My lathe was made in China. The chuck that came with it is pretty darn good. I'm going to look for the video where Tubalcain (mrpete222 on Youtube) checks his chuck jaws for wear.

Here it is.

Check your jaws with a feeler gauge like he does in the video and let us know what you find out. Notice that you MUST use a straight piece of work. I recommend drill rod.

Awesome thanks. I'll check it out. Speedy opened a place only 30 minutes from me, wahoo!

I just picked up my piece of drill rod and tested out the runout. Starting with the chuck as I said before, the adapter plate has .001" runout, .001" runout on the outside of the chuck body, and .001" on the face of the body. The data sheet says it measured .0015" 50mm from the chuck jaws. I get various readings, anywhere from .004" to .006". One thing I realized is I really need to crank down on the chuck. When slightly tightening the chuck I can see that only the rear teeth of the jaws touch the workpiece, so it can be wiggled quite a bit. Tightening it down it certainly doesn't wiggle, but there's not too much consistency (which I know there really shouldn't be for a 3-jaw chuck).

I guess this will have to do. I might face the adapter just to get rid of the initial .001" of runout though.

Well I need a lot of advice here. Attempted another iteration of my P60 pill. I made the pocket for the MCPCB slightly smaller so it will press-fit in. I also made a pocket for the turned down reflector to fit in so that it is centered.

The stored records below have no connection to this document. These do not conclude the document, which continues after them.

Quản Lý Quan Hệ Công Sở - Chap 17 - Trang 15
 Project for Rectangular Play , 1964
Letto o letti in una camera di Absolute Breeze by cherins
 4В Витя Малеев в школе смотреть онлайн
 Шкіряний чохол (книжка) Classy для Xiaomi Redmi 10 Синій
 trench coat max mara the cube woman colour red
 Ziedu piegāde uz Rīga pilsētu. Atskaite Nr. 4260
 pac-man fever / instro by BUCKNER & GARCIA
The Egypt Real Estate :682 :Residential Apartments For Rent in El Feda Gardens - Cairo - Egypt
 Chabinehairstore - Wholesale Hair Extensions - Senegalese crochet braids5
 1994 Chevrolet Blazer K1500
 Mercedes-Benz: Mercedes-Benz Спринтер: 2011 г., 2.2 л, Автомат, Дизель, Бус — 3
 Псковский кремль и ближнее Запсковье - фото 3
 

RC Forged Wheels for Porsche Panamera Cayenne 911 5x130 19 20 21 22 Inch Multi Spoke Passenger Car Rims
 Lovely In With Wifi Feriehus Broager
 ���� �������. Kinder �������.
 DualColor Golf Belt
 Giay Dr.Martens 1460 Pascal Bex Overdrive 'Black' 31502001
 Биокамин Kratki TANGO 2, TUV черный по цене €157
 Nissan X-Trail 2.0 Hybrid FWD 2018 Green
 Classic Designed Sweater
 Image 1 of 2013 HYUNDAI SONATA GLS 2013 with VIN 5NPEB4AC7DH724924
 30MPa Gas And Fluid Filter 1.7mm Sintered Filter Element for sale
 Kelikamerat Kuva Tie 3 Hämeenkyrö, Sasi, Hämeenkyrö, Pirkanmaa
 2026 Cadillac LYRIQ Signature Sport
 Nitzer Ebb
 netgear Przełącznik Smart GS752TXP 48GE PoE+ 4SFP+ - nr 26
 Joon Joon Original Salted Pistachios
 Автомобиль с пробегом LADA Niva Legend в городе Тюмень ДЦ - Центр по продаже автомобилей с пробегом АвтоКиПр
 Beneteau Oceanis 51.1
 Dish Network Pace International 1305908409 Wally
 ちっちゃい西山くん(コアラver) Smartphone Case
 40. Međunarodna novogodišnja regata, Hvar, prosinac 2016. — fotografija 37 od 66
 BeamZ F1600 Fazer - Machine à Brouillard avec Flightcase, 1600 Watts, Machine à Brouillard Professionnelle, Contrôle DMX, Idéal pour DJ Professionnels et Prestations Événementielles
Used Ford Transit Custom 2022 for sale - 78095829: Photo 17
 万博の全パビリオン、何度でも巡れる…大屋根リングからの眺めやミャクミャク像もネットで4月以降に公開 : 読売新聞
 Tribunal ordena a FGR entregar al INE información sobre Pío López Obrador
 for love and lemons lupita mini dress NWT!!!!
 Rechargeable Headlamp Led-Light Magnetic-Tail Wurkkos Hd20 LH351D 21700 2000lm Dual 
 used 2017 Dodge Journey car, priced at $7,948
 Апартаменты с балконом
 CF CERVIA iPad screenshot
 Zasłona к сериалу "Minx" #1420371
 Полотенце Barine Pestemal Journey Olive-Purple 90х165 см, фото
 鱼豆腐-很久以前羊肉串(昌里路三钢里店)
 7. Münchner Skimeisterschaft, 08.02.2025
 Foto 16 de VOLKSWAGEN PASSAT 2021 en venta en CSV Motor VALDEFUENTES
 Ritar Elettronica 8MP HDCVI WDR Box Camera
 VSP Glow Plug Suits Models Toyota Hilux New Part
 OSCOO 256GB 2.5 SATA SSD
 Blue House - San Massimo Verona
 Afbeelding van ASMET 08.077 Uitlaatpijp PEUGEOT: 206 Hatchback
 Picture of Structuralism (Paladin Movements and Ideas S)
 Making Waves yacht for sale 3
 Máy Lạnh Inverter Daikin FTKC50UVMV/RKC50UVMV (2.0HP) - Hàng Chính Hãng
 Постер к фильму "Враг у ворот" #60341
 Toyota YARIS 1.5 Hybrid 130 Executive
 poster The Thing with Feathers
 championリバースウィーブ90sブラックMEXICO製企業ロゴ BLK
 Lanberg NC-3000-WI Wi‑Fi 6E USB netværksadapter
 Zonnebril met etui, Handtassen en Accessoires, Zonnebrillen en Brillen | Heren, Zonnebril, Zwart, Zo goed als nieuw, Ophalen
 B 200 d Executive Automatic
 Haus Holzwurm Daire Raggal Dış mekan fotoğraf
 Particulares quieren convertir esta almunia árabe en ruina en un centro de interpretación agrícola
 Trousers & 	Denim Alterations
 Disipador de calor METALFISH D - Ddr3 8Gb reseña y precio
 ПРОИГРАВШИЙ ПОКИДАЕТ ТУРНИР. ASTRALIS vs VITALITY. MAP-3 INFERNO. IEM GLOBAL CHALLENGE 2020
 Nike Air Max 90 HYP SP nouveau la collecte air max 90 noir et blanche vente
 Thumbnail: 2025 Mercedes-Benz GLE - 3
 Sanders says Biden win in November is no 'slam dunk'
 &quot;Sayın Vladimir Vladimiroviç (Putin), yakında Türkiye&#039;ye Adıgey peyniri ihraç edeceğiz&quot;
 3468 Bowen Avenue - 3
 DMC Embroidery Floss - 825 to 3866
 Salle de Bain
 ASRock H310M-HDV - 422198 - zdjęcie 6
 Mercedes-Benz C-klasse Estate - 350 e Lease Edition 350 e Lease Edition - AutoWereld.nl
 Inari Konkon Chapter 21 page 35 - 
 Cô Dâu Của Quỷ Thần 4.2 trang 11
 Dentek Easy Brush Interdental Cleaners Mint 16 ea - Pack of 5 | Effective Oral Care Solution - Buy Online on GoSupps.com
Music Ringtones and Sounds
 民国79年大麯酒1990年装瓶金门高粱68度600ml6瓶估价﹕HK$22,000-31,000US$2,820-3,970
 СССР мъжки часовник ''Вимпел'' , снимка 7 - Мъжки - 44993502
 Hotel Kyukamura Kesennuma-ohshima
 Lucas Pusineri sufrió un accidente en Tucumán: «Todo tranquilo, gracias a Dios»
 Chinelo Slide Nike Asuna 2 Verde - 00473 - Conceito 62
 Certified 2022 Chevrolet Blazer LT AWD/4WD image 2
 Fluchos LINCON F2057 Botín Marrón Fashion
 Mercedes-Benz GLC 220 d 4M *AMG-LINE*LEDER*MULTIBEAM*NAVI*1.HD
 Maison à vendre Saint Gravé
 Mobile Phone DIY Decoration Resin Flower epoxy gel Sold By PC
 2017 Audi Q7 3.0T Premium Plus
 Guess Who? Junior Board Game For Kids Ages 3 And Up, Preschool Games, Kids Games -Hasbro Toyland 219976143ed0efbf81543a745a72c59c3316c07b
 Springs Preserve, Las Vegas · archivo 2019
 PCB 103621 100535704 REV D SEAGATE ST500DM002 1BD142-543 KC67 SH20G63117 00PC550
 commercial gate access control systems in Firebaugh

For the second time, while attempting to part the piece, it bound up and ruined the piece. The first time this happened it snapped the belt. I just assumed I was running it too fast. This time I ran it at 340 (?) RPMs. The cutoff tool was proceeding fine, not much chatter. The end of the tool was on the center line, and it seemed perpendicular to the piece. Then BAM. You can see it twisted the toolpost. What might I be doing wrong? I'm certainly at the limit of how long the piece can be, but I wanted to be able to machine 3 pills without having to waste the part that's in the chuck. Aluminium is pretty cheap though, so maybe I'll rethink that. However, the first time I had catastrophic parting failure, it was a much smaller piece.

Also, I should have taken pictures, but as for the pocket for the MCPCB, what is the best way to machine it? I tried to use a carbide boring bar, the smallest one I have, but the diameter of the pocket isn't wide enough for the me to machine the full face with just the boring bar. So I had to use a TE tool (TCMM with the point in the middle) to face the middle, but I can't go anywhere near to the edge because of the lack of relief. So once I faced the middle to the right depth, I switched over to a boring bar to face the rest and get the diameter right. The top picture is blurry, but you can see the result of chatter around the edge.

What should I do here, just get a smaller boring bar, maybe with a carbide insert?

When parting of everything must be rigid. If I can I have the work piece as close to the chuck as possible and the live center in the tailstock if needed. My lathe is really bad at parting of. I hear that the carbide tipped ones are better. Bucket I think has a 2mm carbide tipped tool. I dont even try to part of copper or mild steel.

As far as the pocket I use HSS ground up into a tool I can plunge into the end.

Do they use cutting oil on aluminum?

I know on harder metals Tubalcain and Abom79 use alot of lube oil (for different materials)
Almost every video I have seen them when they are cutting off an object
A. the cut point is very close to the chuck
B. They use machining fluid

How much material are you taking off on each pass?

You can definitely see from this image the “chatter” from the cutting insert by the piece being so far out from the chuck

MRsDNF is the machinist…I’m not a machinist (I just love watching those guys make chips :slight_smile: )

I found this Googling (if it helps)
http://www.chaski.org/homemachinist/viewtopic.php?t=120

I use Black Swan Dark Heavy cutting oil with great results on any metal. $36 bucks a gallon. And i cut it with mineral spirits to make it lighter, 2parts BS to 1part spirits. in a spray bottle. I also have a pan in the bed of my lathe with window screen to catch most of it and then strain thru cheese cloth to filter and reuse.